Paragraaf 3 Over te leggen stukken

Artikel 7
  • 1 Begraving mag slechts geschieden indien van tevoren het verlof tot begraven of de bezorging van as is gegeven, alsmede het eventueel daarbij behorende document is overgelegd aan de beheerder.

  • 2 Begraving of bijzetting in een graf waarvan de uitgiftetermijn binnen de wettelijke minimum grafrusttermijn afloopt, kan alleen plaatsvinden onder gelijktijdige verlenging van de uitgiftetermijn met een periode van tien jaar indien geen asbussen zijn bijgezet. In het geval asbussen zijn bijgezet bedraagt de verlenging van de uitgiftetermijn een periode van twintig jaar.

  • 3 De beheerder onderzoekt de genoegzaamheid van de overgelegde stukken.

Paragraaf 4 Tijden van begraven en asbezorging

Artikel 8
  • 1 De tijd van begraven en het bezorgen van as is: op werkdagen en zaterdagen, niet zijnde een algemeen erkende feestdag, van 08.00 tot 17.00 uur.

  • 2 Burgemeester en wethouders kunnen in bijzondere gevallen van deze tijden afwijken.

Hoofdstuk 4 Indeling en uitgifte van de graven

Paragraaf 1 Indeling graven en asbezorging

Artikel 9 eigen (kinder-)graven en asbussengraven
  • 1 Op de begraafplaats worden eigen (huur-)graven en asbussengraven alleen uitgegeven aan inwonenden van Blaricum. Een inwonende van Blaricum is een persoon die in de GBA van de gemeente Blaricum is ingeschreven, dan wel in de 25 jaar voorafgaande aan het overlijden tenminste 5 jaar aangesloten in de gemeente Blaricum was ingeschreven.

  • 2 In of op een eigen graf mogen:

    a. tot een maximum aantal van drie: overledenen, boven elkaar, worden begraven;

    b. as in asbussen worden bijgezet;

    c. verstrooiingen plaatsvinden.

  • 3 De graven hebben een lengte van 2.00 meter en een breedte van 1.00 centimeter. De kindergraven hebben een lengte van 1.25 meter en een breedte van 0.70 meter. De uitgifteduur kan niet korter zijn dan de minimumtermijn vastgesteld in de Wet op de lijkbezorging.

  • 4 In een asbussengraf mag as in asbussen tot een maximum aantal van twee asbussen worden bijgezet.

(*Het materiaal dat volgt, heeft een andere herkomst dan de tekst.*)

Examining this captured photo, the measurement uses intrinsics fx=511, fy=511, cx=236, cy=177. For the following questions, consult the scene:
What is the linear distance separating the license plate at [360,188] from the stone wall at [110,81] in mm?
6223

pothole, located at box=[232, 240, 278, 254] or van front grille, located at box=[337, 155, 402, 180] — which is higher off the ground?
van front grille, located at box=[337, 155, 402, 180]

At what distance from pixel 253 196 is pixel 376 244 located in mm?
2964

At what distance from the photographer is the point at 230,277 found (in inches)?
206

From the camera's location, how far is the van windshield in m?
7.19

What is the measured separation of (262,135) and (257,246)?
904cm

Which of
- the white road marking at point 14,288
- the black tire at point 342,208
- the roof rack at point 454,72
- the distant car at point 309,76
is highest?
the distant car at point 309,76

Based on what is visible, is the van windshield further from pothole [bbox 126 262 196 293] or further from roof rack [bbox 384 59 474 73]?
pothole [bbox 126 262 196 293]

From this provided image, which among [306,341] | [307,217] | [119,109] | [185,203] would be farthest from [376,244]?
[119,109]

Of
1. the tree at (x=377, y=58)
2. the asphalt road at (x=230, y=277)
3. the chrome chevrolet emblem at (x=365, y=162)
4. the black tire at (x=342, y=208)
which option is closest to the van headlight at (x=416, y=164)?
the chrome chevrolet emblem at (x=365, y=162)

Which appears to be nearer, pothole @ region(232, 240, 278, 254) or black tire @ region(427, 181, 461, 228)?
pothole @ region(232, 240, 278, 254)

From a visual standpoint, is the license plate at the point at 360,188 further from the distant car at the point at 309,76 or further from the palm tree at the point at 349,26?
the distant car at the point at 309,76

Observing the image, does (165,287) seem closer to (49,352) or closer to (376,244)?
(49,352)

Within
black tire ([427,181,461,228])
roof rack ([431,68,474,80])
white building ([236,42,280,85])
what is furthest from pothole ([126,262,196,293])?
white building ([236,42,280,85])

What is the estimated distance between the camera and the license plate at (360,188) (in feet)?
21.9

    De asbussengraven hebben een lengte van 1.00 meter en een breedte van 0.50 meter en een diepte van maximaal 1.20 meter

    De uitgifteduur kan niet korter zijn dan de minimum termijn vastgesteld in de Wet op de lijkbezorging.

     

  • 5 Burgemeester en wethouders kunnen in bijzondere gevallen afwijking toestaan van de in het tweede, derde en vierde lid van dit artikel genoemde maatvoeringen.

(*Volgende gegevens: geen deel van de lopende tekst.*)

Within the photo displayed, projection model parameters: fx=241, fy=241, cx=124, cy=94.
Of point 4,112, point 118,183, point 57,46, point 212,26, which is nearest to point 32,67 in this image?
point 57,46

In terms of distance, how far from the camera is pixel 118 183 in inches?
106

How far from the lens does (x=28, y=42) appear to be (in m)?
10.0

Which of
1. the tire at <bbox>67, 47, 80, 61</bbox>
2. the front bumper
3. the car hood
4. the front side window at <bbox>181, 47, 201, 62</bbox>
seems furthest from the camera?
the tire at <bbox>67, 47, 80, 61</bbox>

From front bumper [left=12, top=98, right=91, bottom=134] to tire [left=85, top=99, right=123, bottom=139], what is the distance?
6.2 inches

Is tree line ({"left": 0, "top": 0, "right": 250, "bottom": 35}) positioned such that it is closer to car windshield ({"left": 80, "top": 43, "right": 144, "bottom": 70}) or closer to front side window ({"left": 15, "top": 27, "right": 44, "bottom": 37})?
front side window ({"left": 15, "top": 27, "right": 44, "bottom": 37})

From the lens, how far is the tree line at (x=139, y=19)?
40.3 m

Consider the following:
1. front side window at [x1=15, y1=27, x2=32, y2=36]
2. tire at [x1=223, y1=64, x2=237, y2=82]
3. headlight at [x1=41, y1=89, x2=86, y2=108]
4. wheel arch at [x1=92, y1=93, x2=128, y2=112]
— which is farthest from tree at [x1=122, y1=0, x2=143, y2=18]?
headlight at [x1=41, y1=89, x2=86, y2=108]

Paragraaf 2 Algemene graven

Artikel 10 algemene (kinder-)graven en urnengraven
  • 1 Op de begraafplaats worden algemene (kinder-)graven en asbussengraven alleen uitgegeven aan inwonenden van Blaricum. Een inwonende van Blaricum is een persoon die in de GBA van de gemeente Blaricum is ingeschreven, dan wel in de 25 jaar voorafgaande aan het overlijden tenminste 5 jaar aangesloten in de gemeente Blaricum was ingeschreven.

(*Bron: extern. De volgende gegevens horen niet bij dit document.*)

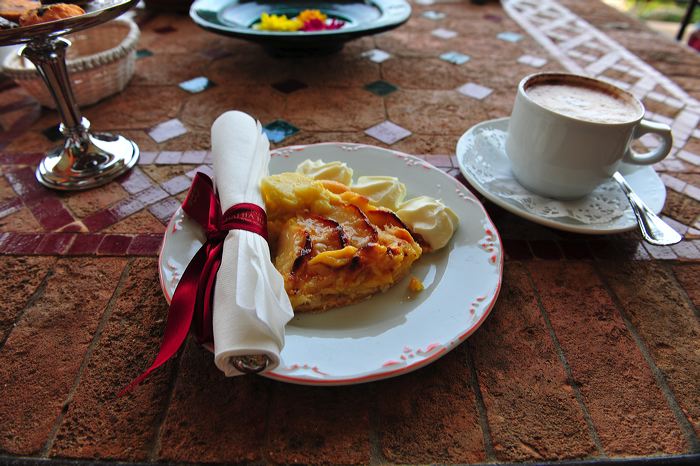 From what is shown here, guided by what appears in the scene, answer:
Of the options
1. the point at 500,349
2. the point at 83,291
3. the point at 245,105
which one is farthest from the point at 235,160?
the point at 245,105

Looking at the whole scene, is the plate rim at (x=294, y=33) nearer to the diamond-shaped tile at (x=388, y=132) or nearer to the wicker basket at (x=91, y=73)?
the wicker basket at (x=91, y=73)

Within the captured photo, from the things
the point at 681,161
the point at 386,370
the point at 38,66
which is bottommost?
the point at 681,161

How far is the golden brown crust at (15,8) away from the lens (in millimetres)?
835

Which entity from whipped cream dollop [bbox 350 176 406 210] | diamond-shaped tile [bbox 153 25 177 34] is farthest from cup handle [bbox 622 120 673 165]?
diamond-shaped tile [bbox 153 25 177 34]

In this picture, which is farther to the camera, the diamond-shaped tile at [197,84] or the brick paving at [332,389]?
the diamond-shaped tile at [197,84]

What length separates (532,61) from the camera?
1.65m

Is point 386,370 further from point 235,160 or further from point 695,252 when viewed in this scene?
point 695,252

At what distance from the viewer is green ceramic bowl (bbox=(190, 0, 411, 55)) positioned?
4.46 ft

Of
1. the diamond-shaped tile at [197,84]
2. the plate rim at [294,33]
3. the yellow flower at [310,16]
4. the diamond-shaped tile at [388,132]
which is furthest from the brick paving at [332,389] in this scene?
the yellow flower at [310,16]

  • 2 In een algemeen graf mogen:

    a. tot een maximum aantal van drie: overledenen, boven elkaar, worden begraven;

    b. as in asbussen worden bijgezet

  • 3 De graven hebben een lengte van 2.00 meter en een breedte van 1.00 meter. De kindergraven hebben een lengte van 1.25 meter en een breedte van 0.70 meter.

  • 4 In een asbussengraf mag as in asbussen worden bijgezet. De asbussengraven hebben een lengte van 1.00 meter, een breedte van 0,50 meter en een diepte van maximaal 1.20 meter.

  • 5 Burgemeester en wethouders kunnen in bijzondere gevallen afwijking toestaan van de in het tweede en derde lid van dit artikel genoemde maatvoeringen.

Paragraaf 3 Volgorde van uitgifte

Artikel 11
  • 1 De graven worden slechts voor directe begraving en in volgorde van ligging uitgegeven.

  • 2 Burgemeester en wethouders kunnen een graf toewijzen anders dan voor directe begraving en buiten de volgorde van uitgifte, indien dit wegens de situatie op de begraafplaats niet bezwaarlijk is.

Paragraaf 4 Termijnen huurgraven

Artikel 12
  • 1 Burgemeester en wethouders verlenen, voor zover de daartoe bestemde ruimte van de begraafplaats dat toelaat, op een daartoe bij hen in te dienen aanvraag, voor de tijd van twintig of dertig jaar het recht op een graf.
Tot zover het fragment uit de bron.